# Is it possible to make cat stop crawling on the curtains?



## pawpaw (Jul 4, 2013)

I'm wondering if it's possible to make cats stop crawling on my curtains. Or are the curtains fated to be ruined when you own cats? My kitten doesn't really scratch them but she keep trying to jump on them and 'pull' them. Often some thread on the curtains got pulled out which kinda ruined the cloth.

She doesn't scratch on furniture or walls, she uses her scratch post quite well. I also have another scratch post near the curtains/windows but she doesn't seem to use that :/ I also trim her nails regularly, but i didn't cut too much coz i'm still new in doing this. And I can't manage to file her nails after trimming for now. Is there any way to make her stop jumping onto the curtains?nekitty


----------



## JungliBillis (Mar 20, 2013)

Well...my curtains are definitely ruined. And I expected that, so I bought the cheapest one there is from IKEA ($5 a pair!) to begin with. You can switch to blinds or thicker curtains, or you can also try putting double sided sticky tape on the curtains. Hm not sure what else...I'm sure people will have more tips.

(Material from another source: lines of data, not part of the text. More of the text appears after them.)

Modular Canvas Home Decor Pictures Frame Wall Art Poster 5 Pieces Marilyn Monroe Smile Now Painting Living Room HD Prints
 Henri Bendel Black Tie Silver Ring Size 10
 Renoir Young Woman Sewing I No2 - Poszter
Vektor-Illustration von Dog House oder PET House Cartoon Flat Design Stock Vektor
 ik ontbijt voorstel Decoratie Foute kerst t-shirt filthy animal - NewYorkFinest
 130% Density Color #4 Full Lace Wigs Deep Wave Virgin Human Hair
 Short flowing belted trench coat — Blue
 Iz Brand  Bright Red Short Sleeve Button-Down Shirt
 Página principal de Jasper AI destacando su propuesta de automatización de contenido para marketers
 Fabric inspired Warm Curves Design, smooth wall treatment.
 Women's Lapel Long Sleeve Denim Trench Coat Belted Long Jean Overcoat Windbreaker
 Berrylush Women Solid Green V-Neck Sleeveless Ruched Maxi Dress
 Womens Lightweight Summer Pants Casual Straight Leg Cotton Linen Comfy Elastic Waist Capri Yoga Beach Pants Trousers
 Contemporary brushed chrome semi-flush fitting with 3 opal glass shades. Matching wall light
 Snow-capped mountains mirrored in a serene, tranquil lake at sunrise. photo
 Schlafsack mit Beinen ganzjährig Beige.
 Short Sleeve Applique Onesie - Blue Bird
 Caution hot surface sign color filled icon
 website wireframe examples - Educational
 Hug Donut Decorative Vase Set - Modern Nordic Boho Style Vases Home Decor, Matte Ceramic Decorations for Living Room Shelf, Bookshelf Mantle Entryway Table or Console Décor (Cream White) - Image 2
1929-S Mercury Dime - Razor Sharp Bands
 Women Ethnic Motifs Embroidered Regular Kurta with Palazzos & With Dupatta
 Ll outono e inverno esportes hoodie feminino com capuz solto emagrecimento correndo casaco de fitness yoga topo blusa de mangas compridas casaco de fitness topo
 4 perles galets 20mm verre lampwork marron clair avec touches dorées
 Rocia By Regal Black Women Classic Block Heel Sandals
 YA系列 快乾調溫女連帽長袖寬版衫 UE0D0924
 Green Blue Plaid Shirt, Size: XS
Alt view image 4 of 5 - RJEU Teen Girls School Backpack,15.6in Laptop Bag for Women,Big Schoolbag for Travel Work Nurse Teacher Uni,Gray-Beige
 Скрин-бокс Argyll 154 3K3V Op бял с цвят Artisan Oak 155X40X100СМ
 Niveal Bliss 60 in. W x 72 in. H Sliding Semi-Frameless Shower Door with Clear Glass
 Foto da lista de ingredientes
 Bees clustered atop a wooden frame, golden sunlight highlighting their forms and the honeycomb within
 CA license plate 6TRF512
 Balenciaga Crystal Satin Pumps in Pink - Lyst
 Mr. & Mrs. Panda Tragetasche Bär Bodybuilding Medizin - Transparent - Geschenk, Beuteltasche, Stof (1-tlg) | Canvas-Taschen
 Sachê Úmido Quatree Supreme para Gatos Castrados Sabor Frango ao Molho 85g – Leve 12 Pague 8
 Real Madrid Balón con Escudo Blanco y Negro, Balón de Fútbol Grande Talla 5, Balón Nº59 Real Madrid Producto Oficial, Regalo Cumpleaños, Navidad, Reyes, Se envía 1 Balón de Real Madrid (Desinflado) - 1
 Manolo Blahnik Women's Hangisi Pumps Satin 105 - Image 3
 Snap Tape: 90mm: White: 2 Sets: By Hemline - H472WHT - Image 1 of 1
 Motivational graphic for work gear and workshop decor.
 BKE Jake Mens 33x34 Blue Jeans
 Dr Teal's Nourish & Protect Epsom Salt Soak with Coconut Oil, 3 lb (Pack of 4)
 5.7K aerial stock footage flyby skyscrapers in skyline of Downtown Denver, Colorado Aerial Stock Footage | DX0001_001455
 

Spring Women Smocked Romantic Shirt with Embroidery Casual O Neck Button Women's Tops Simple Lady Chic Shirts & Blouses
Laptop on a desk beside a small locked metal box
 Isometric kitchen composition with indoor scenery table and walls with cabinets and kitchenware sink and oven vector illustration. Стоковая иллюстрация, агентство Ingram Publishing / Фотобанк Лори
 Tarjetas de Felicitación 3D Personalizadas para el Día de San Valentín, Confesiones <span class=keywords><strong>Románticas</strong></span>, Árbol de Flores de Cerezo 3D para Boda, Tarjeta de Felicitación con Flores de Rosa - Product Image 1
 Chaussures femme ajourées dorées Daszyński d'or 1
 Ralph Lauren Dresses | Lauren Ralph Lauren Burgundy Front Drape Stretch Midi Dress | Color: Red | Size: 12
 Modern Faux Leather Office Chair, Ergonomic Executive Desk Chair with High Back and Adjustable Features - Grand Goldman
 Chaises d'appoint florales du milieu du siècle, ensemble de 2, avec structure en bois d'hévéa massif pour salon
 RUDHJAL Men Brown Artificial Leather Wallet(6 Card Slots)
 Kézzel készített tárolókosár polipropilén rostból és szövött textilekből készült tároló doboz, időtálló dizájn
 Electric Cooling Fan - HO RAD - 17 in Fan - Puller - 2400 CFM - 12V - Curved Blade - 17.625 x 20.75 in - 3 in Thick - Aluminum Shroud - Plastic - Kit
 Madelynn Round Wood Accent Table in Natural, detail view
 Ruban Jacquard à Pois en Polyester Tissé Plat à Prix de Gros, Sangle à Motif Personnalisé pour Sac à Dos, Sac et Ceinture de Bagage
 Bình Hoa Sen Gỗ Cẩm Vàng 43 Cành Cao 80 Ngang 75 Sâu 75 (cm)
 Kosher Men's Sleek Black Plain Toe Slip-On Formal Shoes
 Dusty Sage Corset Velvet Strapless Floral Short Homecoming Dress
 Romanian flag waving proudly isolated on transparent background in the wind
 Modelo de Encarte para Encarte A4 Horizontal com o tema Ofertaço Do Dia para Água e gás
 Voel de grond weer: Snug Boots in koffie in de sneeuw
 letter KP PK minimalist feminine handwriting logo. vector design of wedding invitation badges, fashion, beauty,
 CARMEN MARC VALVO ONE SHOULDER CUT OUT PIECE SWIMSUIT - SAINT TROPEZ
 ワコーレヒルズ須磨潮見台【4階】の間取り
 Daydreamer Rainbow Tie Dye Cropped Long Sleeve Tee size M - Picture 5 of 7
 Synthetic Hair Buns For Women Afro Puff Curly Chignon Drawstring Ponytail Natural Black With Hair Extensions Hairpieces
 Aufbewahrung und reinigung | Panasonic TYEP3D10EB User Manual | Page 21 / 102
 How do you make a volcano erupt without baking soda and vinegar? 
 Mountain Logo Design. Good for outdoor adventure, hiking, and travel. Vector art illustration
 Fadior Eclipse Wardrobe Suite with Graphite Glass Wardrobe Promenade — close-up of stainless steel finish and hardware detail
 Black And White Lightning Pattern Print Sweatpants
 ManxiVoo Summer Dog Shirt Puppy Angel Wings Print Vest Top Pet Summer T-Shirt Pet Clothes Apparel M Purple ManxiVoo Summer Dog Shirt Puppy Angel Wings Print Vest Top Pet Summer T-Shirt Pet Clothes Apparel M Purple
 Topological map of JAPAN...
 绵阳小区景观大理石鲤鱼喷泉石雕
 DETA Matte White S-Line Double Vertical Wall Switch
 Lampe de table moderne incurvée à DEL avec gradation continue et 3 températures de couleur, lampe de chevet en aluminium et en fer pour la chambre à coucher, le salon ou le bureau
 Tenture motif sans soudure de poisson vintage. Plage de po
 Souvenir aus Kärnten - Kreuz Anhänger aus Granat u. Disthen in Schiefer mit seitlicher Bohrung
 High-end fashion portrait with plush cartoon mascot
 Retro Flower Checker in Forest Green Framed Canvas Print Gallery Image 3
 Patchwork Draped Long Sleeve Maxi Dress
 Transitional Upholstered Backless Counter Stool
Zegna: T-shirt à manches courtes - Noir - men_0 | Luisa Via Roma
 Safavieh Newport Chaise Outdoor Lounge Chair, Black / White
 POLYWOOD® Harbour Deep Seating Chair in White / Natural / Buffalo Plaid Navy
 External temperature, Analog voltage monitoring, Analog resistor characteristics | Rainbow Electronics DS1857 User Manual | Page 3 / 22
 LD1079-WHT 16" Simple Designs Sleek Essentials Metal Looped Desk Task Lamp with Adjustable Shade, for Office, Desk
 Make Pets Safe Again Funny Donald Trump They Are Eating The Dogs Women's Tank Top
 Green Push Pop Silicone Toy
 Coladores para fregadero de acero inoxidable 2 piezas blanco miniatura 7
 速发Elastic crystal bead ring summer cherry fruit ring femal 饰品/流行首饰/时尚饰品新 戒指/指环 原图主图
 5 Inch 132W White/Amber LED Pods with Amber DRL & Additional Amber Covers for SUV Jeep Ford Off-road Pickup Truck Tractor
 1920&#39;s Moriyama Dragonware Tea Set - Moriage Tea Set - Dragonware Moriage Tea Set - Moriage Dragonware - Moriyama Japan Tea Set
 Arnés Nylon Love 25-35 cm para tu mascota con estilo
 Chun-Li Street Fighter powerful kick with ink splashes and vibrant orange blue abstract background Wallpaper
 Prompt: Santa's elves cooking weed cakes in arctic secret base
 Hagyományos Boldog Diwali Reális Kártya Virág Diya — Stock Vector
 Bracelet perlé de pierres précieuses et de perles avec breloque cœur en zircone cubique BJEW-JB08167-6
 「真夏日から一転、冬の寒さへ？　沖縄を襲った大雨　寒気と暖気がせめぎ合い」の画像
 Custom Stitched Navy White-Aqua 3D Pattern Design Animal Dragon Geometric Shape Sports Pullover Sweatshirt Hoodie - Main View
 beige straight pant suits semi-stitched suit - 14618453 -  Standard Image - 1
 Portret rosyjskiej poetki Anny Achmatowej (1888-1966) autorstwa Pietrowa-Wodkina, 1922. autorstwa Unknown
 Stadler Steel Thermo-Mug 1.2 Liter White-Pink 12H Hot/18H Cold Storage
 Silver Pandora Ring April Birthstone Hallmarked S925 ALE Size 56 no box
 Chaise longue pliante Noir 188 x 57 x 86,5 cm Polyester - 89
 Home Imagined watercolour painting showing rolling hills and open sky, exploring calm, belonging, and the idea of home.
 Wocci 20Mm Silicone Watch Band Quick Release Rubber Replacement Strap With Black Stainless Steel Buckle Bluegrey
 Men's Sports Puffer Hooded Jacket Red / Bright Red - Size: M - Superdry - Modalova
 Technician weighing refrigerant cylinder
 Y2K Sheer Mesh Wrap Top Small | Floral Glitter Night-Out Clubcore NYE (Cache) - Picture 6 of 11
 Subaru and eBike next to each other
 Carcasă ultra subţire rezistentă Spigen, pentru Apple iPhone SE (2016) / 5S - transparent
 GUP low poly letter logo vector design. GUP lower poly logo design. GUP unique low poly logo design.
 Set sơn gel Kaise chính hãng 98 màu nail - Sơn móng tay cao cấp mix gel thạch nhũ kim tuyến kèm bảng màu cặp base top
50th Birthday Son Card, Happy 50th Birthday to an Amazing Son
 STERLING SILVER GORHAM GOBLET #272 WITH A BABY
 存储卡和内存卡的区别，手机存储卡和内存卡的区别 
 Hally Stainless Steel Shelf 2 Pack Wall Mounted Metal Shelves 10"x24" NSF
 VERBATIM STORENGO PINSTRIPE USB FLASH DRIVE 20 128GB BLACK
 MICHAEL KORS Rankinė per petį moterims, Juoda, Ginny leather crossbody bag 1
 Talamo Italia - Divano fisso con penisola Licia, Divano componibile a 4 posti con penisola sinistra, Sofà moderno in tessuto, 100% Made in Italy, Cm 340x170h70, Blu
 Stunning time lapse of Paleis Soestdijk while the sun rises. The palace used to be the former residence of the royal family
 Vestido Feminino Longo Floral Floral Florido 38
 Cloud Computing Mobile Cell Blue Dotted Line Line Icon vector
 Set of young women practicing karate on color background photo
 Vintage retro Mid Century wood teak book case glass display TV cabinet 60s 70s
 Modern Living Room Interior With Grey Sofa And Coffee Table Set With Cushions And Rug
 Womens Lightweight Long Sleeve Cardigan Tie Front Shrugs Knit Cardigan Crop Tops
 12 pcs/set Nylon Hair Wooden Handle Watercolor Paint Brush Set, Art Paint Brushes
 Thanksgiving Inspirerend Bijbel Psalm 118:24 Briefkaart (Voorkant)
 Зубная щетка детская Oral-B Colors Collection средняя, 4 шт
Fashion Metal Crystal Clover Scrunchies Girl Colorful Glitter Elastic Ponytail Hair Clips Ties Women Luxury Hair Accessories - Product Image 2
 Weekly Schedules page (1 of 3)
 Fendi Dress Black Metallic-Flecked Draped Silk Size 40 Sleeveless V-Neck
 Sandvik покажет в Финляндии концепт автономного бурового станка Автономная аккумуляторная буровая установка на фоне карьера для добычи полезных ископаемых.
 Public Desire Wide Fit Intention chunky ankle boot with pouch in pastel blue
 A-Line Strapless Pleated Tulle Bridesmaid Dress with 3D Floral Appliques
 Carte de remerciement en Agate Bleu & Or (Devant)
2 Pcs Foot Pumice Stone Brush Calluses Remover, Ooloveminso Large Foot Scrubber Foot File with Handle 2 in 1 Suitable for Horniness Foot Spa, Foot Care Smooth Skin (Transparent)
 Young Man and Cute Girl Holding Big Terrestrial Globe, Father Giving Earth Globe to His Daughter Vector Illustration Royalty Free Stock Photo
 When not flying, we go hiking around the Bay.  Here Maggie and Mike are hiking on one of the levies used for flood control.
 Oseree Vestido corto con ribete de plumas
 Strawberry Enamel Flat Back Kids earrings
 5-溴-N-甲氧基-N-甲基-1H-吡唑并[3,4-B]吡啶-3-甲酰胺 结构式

Me? I'm not going to fight it, just like I'm not going to keep him off the counter or table or anything else in the house. The way they see it, they let me live in their kingdom.


----------



## MowMow (Nov 6, 2010)

I had teh same problem with my shower curtain. I just left it frayed and strange looking until Book got old enough that he wasn't bothering it anymore. 

I'd suggest either pinning the bottoms up so she can't scratch at them and keeping her claws trimmed short so they don't catch the threads as easily. You won't have to kee them pinned up forever, jsut until she gets a bit older and more settled.


----------



## howsefrau32 (Mar 6, 2013)

Mine are ruined too, luckily they are cheap Target curtains that I was going to replace anyway. But, if you have expensive curtains, I would highly recommend taking them down while your kitten is little, because I don't see any way to not get them to do that. This is why I am a big believer in putting cats up in either their own "cat" room, or a spare room that has been made their room while they can't be watched. My youngest cat is about a year old and the last time he tried to pull his big butt up the curtains, he fell pretty hard and he has not done it since, so I think he has finally learned that he is too big to do that now. I might be safe to get those new curtains now


----------



## cat owner again (Dec 14, 2012)

Sorry but I laughed out loud. Years ago I had two kittens who climbed and swayed on the panels of the curtains while batting and playing with each. They wrecked them but it was really good entertainment. I have all blinds now.


----------



## pawpaw (Jul 4, 2013)

Y curtains are actually covering the balcony 'doors', so they are hanging from the very top to floor. I think double sided tape and pinning the bottom won't work then?

Changing the blinds won't work too, she plays everything from blinds to curtains. I tried 'no' her, spray water at her, moving her away, all not working. I wish i have a spare room for cat, but unfortunately i don't. I'm kinda worried on what will happen if everyone in house is out....

Sent from Petguide.com Free App


----------



## pawpaw (Jul 4, 2013)

I also can't stop her from biting random things, like the arm of my computer chair, my slippers. I bought many chew toys for her but she doesn't seem to like them. 

Sent from Petguide.com Free App


----------



## koshechka (Jul 14, 2013)

When mine was a kitten she wasn't interested in curtains, maybe because I trimmed her claws regularly and I have curtains from heavy fabric on the outside so it's difficult to pierce them with trimmed claws. I have lacy curtains underneath, but I moved them out of the way. She did ruin the hallway curtain, so I just replaced it with the one from thin fabric, cheap one though.

Then one day when she was already about 10 pounds she "discovered" the lacy curtains and tried to climb them. Given her weight, the whole construction - both sets of curtains and the rod - came crushing down on her. She got scared and run away upstairs. There was no damage on the lacy curtains - I was really impressed with their strength. I was much less impressed with the strength of the wall... At any rate, I put the curtains back and she's never tried to do it again.

She did work on the mosquito screens quite extensively. I changed the windows screens when I replaced the windows, she was older by then. My balcony screen is still bad, but then it's broken anyway, I need to replace it. I might try some of those cat-resistant ones. 

But... I really don't know if it's possible to get cats not to do what they consider fun. Maybe exhausting them with playing would help (if it's possible to exhaust kittens).


----------